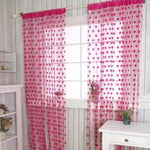 rideaux décoratifs bohèmes motifs cœurs tissu transparent romantique tringle rideaux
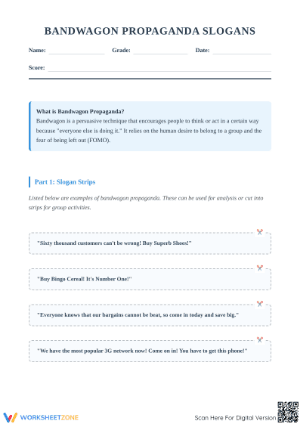 Bandwagon Propaganda Worksheet | Grade 8 ELA Printable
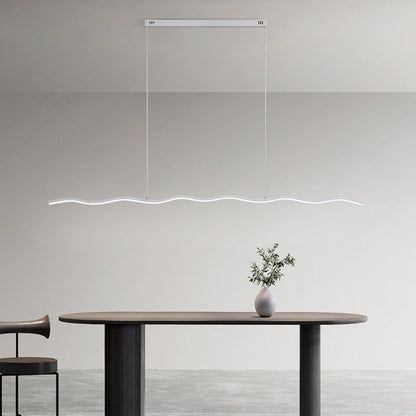 LED Pendant Lamp with Trendy Wave Line Design - WaveGlow-Black-Warm white-Nora Luxe
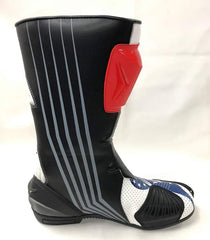 Mens Red & Black CE Motorbike Motorcycle Racing Leather Shoes Long Sports Boots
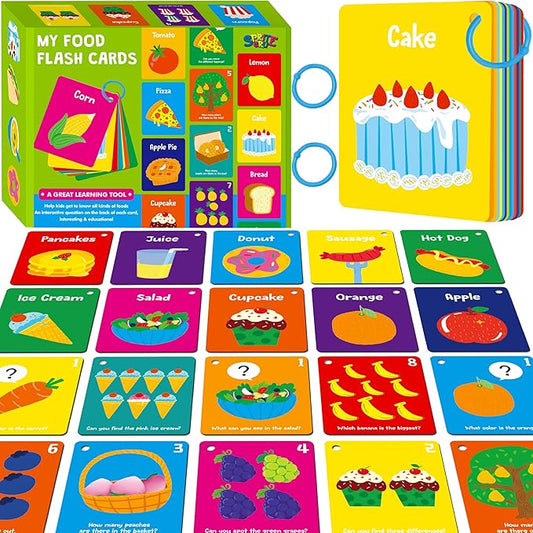 Food Flashcards, 50 Double-Sided Cards, Veggies, Fruits, Snacks, Desserts, Grain Cards Educational Learning Tools for Preschool and Toddlers Learning (2 Reclosable Rings Attached)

### Exercise:
Without the pictures, copy all of the entries exactly as they appear.

### Result of this task:
 rideaux décoratifs bohèmes motifs cœurs tissu transparent romantique tringle rideaux
 Bandwagon Propaganda Worksheet | Grade 8 ELA Printable
 LED Pendant Lamp with Trendy Wave Line Design - WaveGlow-Black-Warm white-Nora Luxe
 Mens Red & Black CE Motorbike Motorcycle Racing Leather Shoes Long Sports Boots
 Food Flashcards, 50 Double-Sided Cards, Veggies, Fruits, Snacks, Desserts, Grain Cards Educational Learning Tools for Preschool and Toddlers Learning (2 Reclosable Rings Attached)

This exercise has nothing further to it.